8 marks Standard +0.8

The positive integers $x$, $y$ and $z$ are the first, second and third terms, respectively, of an arithmetic progression with common difference $-4$. Also, $x$, $\frac{15}{y}$ and $z$ are the first, second and third terms, respectively, of a geometric progression.

Show that $y$ satisfies the equation $y^4 - 16y^2 - 225 = 0$. [4]
Hence determine the sum to infinity of the geometric progression. [4]

OCR H240/03 2022 June Q5

14 marks Standard +0.3

In this question you must show detailed reasoning. \includegraphics{figure_5} The diagram shows the curve with equation $y = \frac{2x - 3}{4x^2 + 1}$. The tangent to the curve at the point $P$ has gradient 2.
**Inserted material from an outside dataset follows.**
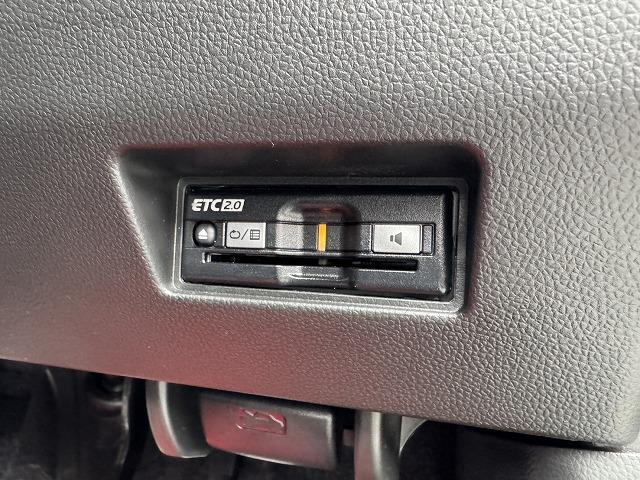 スイフトスポーツ ベースグレード　純正フルエアロ／Ｄプレイオーディオ／フルエアロ／ディスプレイオーディオ／ＢＴ／スマホ連携／バックカメラ／レーダークルーズコントロール／ミラー型ドラレコ／シートヒータ／スマートキー／ＬＥＤヘッドライト（21枚目）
Show that the $x$-coordinate of $P$ satisfies the equation $$4x^3 + 3x - 3 = 0.$$ [5]
Show by calculation that the $x$-coordinate of $P$ lies between 0.5 and 1. [2]
Show that the iteration $$x_{n+1} = \frac{3 - 4x_n^3}{3}$$ cannot converge to the $x$-coordinate of $P$ whatever starting value is used. [2]
Use the Newton-Raphson method, with initial value 0.5, to determine the coordinates of $P$ correct to 5 decimal places. [5]

OCR H240/03 2022 June Q6

8 marks Standard +0.3

In this question you must show detailed reasoning. \includegraphics{figure_6} The diagram shows the curves $y = \sqrt{2x + 9}$ and $y = 4\mathrm{e}^{-2x} - 1$ which intersect on the $y$-axis. The shaded region is bounded by the curves and the $x$-axis. Determine the area of the shaded region, giving your answer in the form $p + q \ln 2$ where $p$ and $q$ are constants to be determined. [8]

OCR H240/03 2022 June Q7

8 marks Standard +0.8

In this question you must show detailed reasoning.

Show that the equation $m \sec \theta + 3 \cos \theta = 4 \sin \theta$ can be expressed in the form $$m \tan^2 \theta - 4 \tan \theta + (m + 3) = 0.$$ [3]
It is given that there is only one value of $\theta$, for $0 < \theta < \pi$, satisfying the equation $m \sec \theta + 3 \cos \theta = 4 \sin \theta$. Given also that $m$ is a negative integer, find this value of $\theta$, correct to 3 significant figures. [5]

OCR H240/03 2022 June Q8

2 marks Easy -1.3

\includegraphics{figure_8} A child attempts to drag a sledge along horizontal ground by means of a rope attached to the sledge. The rope makes an angle of $15°$ with the horizontal (see diagram). Given that the sledge remains at rest and that the frictional force acting on the sledge is 60 N, find the tension in the rope. [2]

OCR H240/03 2022 June Q9

6 marks Moderate -0.3

\includegraphics{figure_9} The diagram shows a velocity-time graph representing the motion of two cars $A$ and $B$ which are both travelling along a horizontal straight road. At time $t = 0$, car $B$, which is travelling with constant speed $12 \mathrm{m s}^{-1}$, is overtaken by car $A$ which has initial speed $20 \mathrm{m s}^{-1}$. From $t = 0$ car $A$ travels with constant deceleration for 30 seconds. When $t = 30$ the speed of car $A$ is $8 \mathrm{m s}^{-1}$ and the car maintains this speed in subsequent motion.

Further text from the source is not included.